── EXERCISE MATERIAL
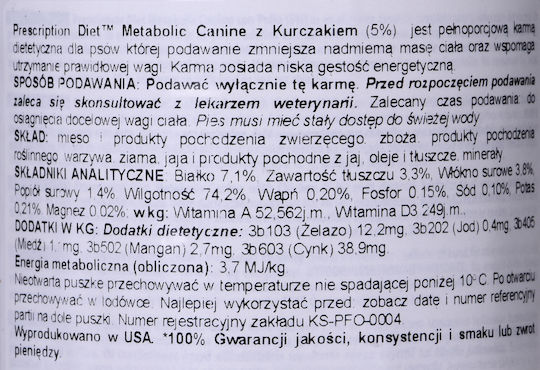 Hill's Prescription Diet Metabolic Wet Food Dogs in Cans Diet with Chicken 370gr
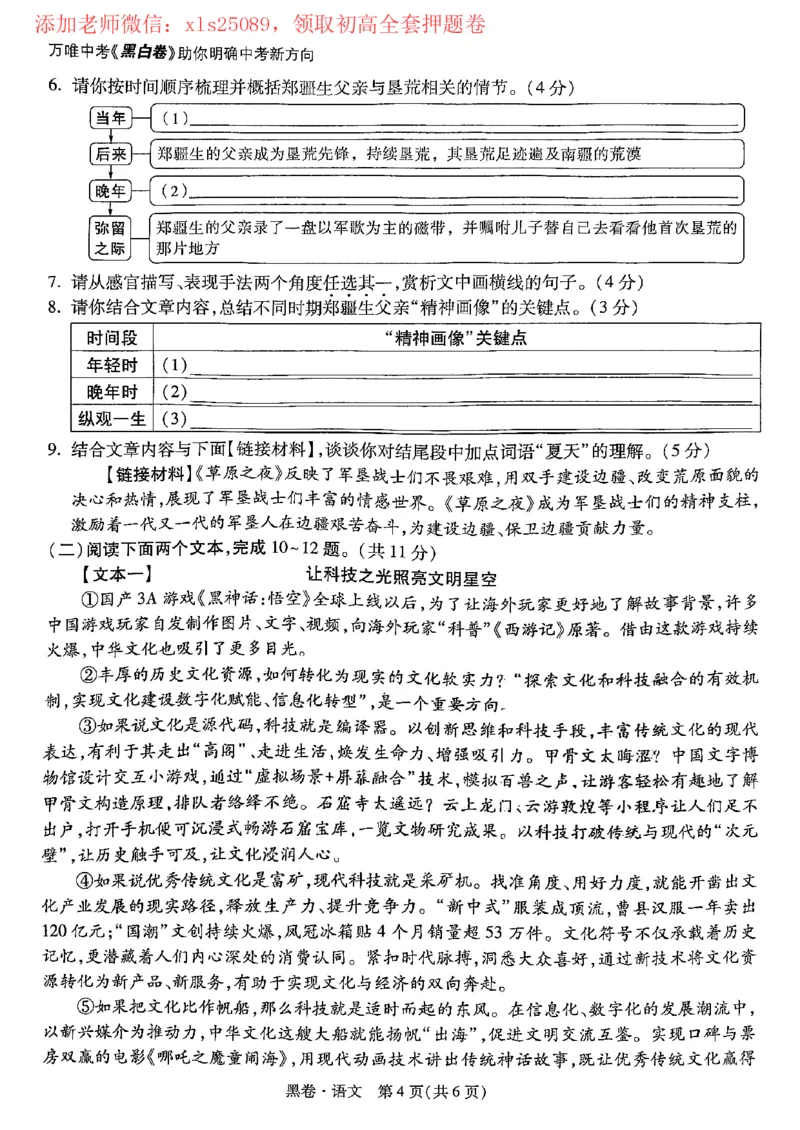 2025黑白卷（语文）_初中资料合集_2025《万唯中考&bull;黑白卷》多地方版（更30省）_2025《万唯中考&bull;黑白卷》7科全套（河南）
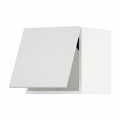IKEA METOD МЕТОД Навесной горизонтальный шкаф, белый / Stensund белый, 40x40 см 39409248 394.092.48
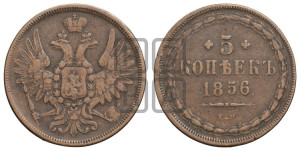 5 копеек 1856 года ЕМ (хвост широкий, под короной нет лент, Св.Георгий вправо)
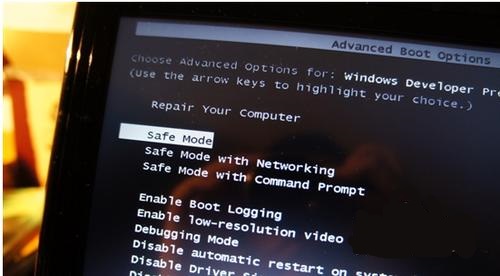 电脑蓝屏之后就一直自动无限重启,笔记本电脑突然蓝屏重启怎么解决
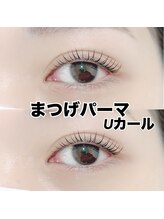 レディエント 北浦和店(Radiant)/まつげパーマ/Uカール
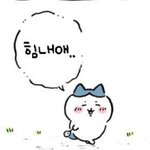 [이태용] 얘드라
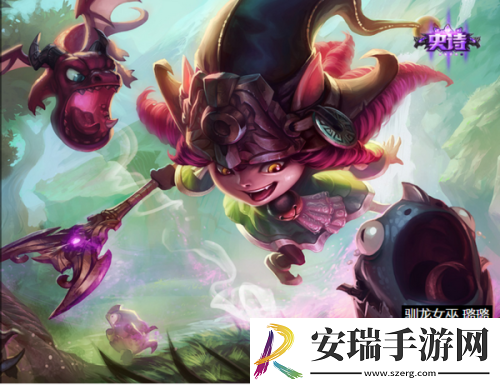 英雄联盟糖果女巫璐璐
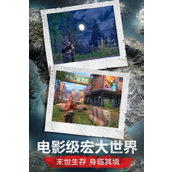 明日之后捏脸码 明日之后(2025最新)捏脸码数据代码大全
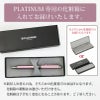 【即日出荷/名入れ対応】プラチナ　ダブル3アクションペン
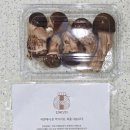 해월농장 | 주문 당일 재배해 보내주는 만복가해월농원 참송이버섯 택배 후기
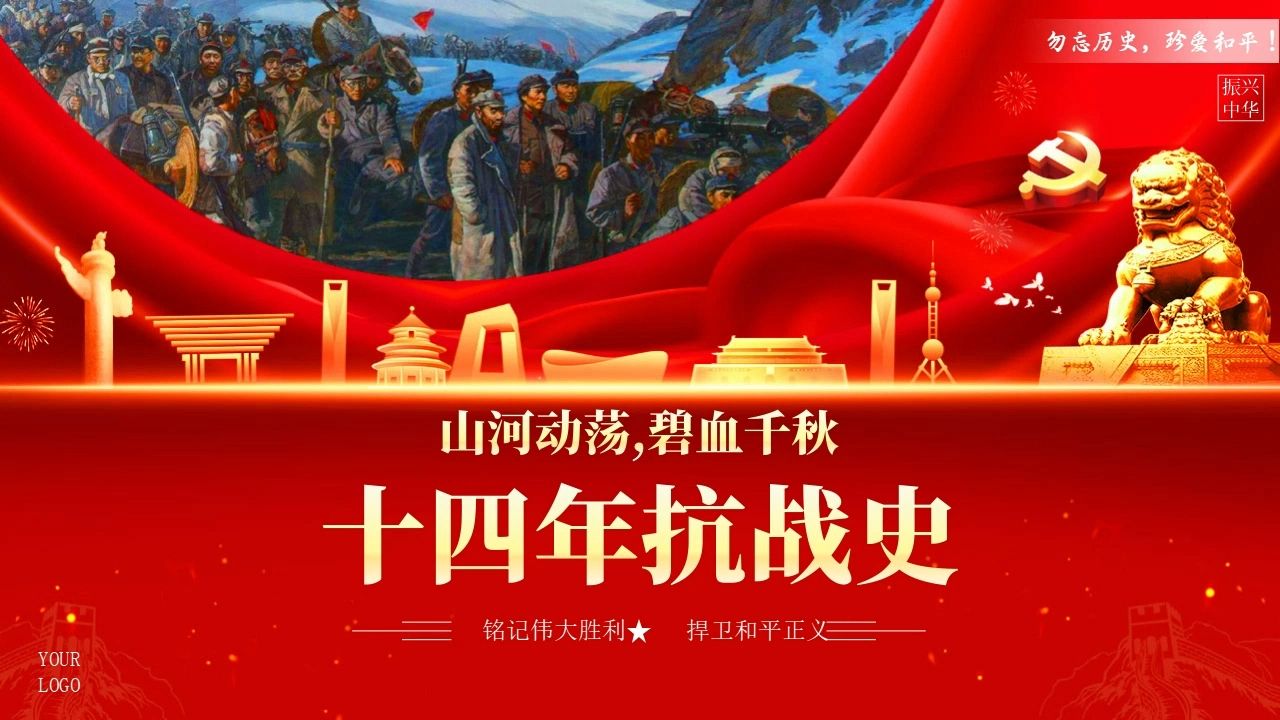 中小学十四年抗战史教育ppt课件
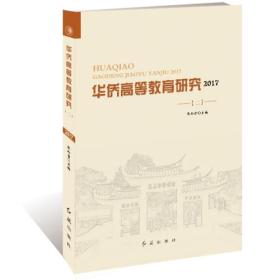 华侨高等教育研究. 2017. 二 全新未拆封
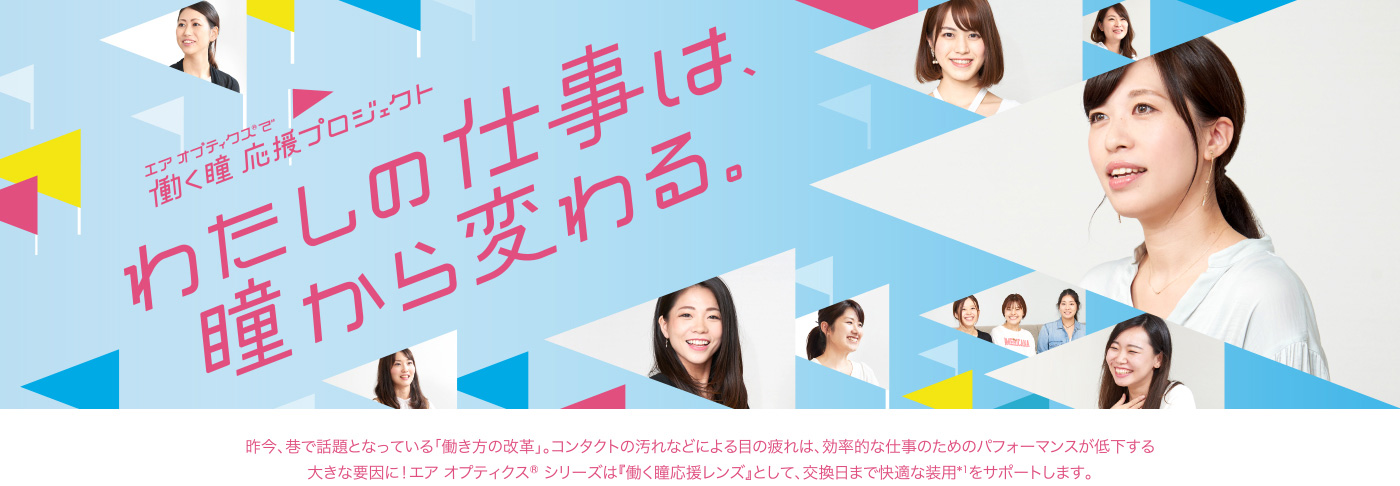 「働く瞳 応援プロジェクト」として、今後もさまざまなキャンペーンを展開予定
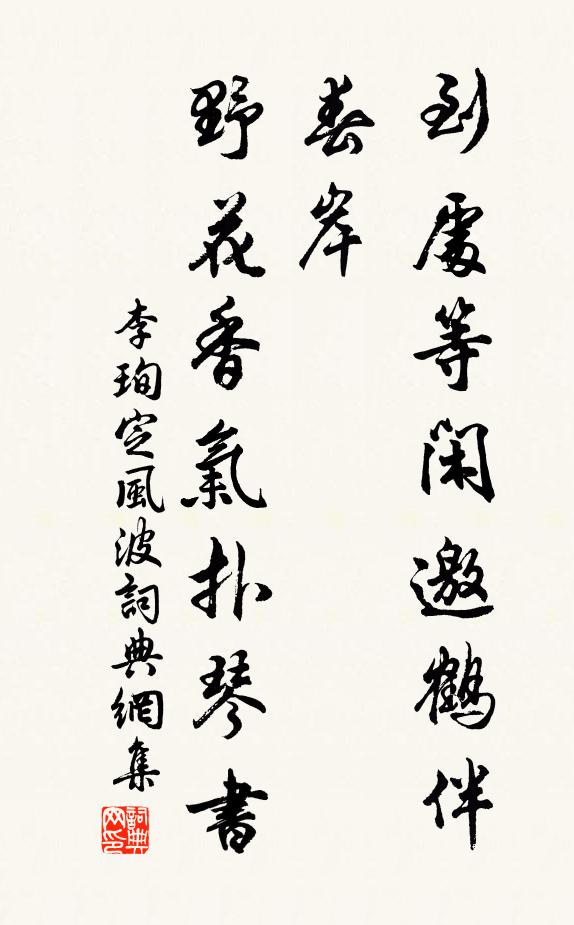 夕陽低盡已西紅,百尺樓高萬里風 詩詞名句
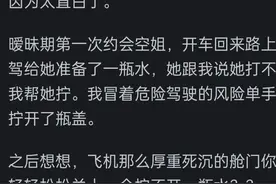 为什么不要找空姐做对象?网友锐评:“人肉碎钱机”并非浪得虚名！图片
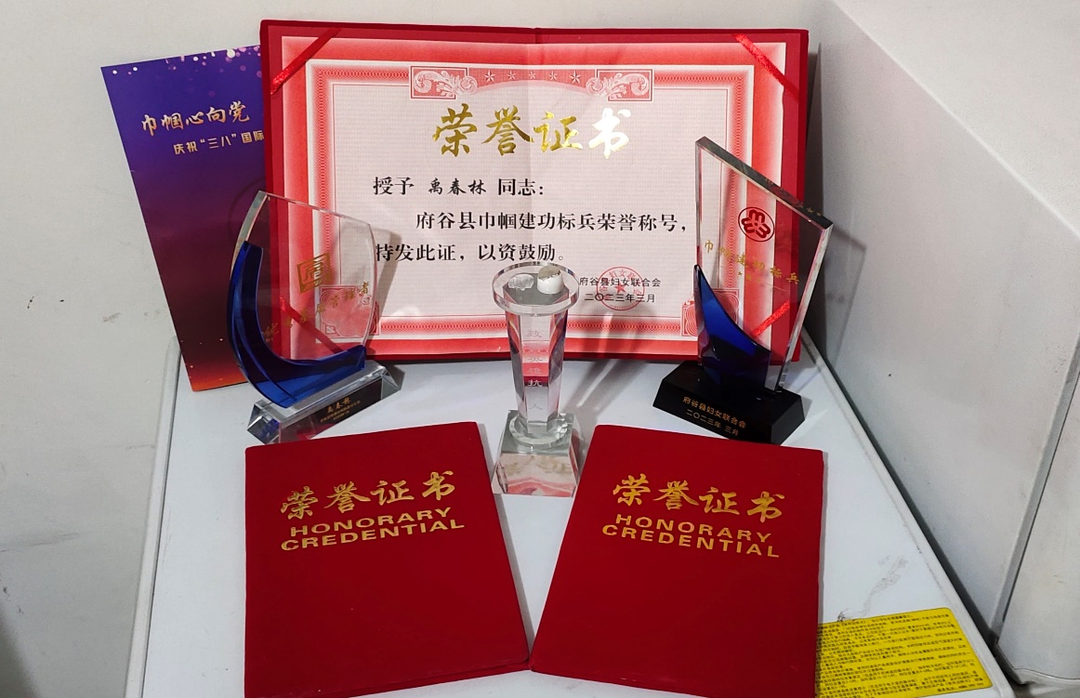 微信图片_20230314093808.png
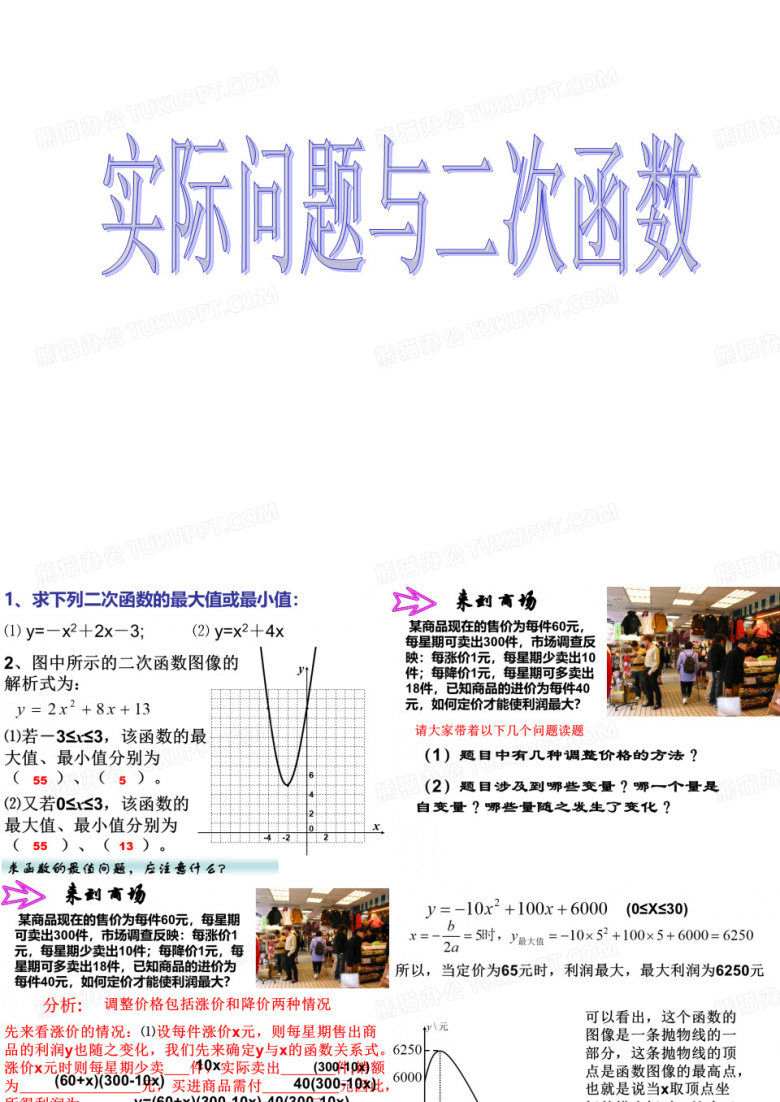 实际问题与二次函数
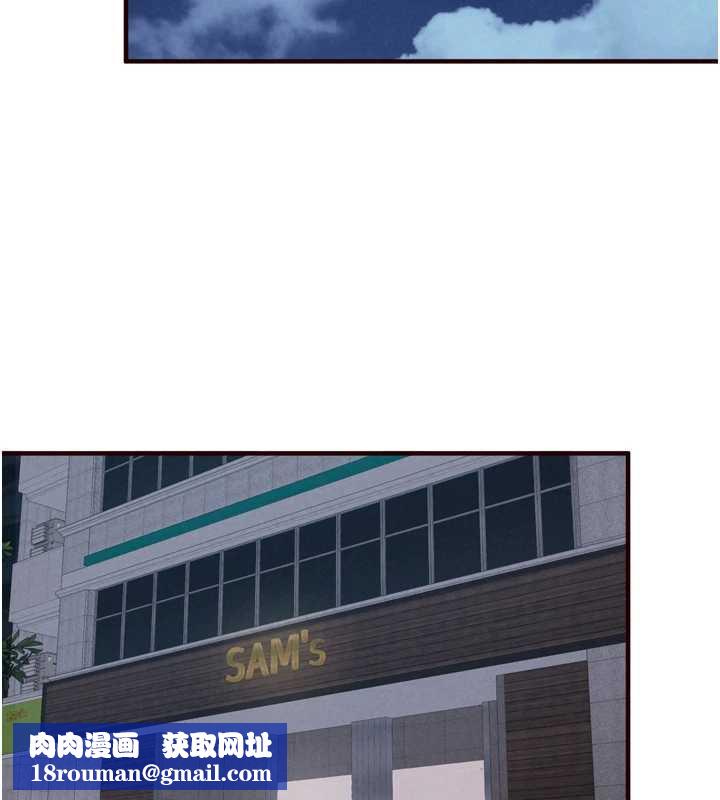 熟女自助餐第61話-影院裡的專屬服務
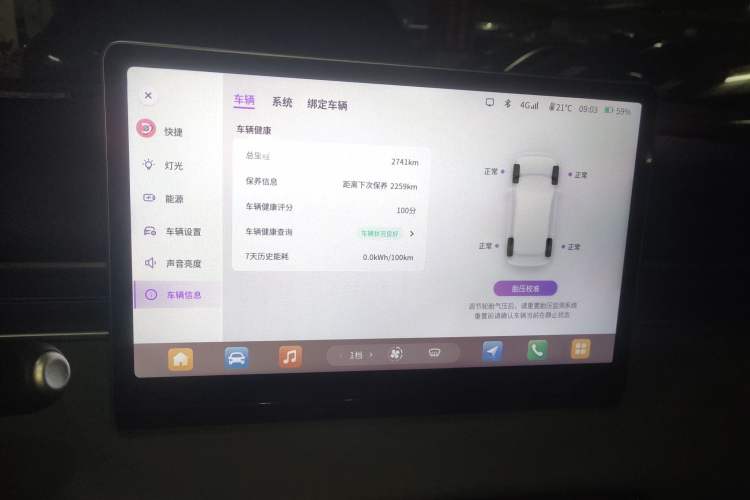 Used Dongfeng NAMMI 01 2024 New Edition 330 Air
────
WORK TO BE COMPLETED:
Without any of the pictures, repeat the entries above word for word.

RESPONSE:
 Hill's Prescription Diet Metabolic Wet Food Dogs in Cans Diet with Chicken 370gr
 2025黑白卷（语文）_初中资料合集_2025《万唯中考&bull;黑白卷》多地方版（更30省）_2025《万唯中考&bull;黑白卷》7科全套（河南）
IKEA METOD МЕТОД Навесной горизонтальный шкаф, белый / Stensund белый, 40x40 см 39409248 394.092.48
 5 копеек 1856 года ЕМ (хвост широкий, под короной нет лент, Св.Георгий вправо)
 电脑蓝屏之后就一直自动无限重启,笔记本电脑突然蓝屏重启怎么解决
 レディエント 北浦和店(Radiant)/まつげパーマ/Uカール
 [이태용] 얘드라
 英雄联盟糖果女巫璐璐
 明日之后捏脸码 明日之后(2025最新)捏脸码数据代码大全
 【即日出荷/名入れ対応】プラチナ　ダブル3アクションペン
 해월농장 | 주문 당일 재배해 보내주는 만복가해월농원 참송이버섯 택배 후기
 中小学十四年抗战史教育ppt课件
 华侨高等教育研究. 2017. 二 全新未拆封
 「働く瞳 応援プロジェクト」として、今後もさまざまなキャンペーンを展開予定
 夕陽低盡已西紅,百尺樓高萬里風 詩詞名句
 为什么不要找空姐做对象?网友锐评:“人肉碎钱机”并非浪得虚名！图片
 微信图片_20230314093808.png
 实际问题与二次函数
 熟女自助餐第61話-影院裡的專屬服務
 Used Dongfeng NAMMI 01 2024 New Edition 330 Air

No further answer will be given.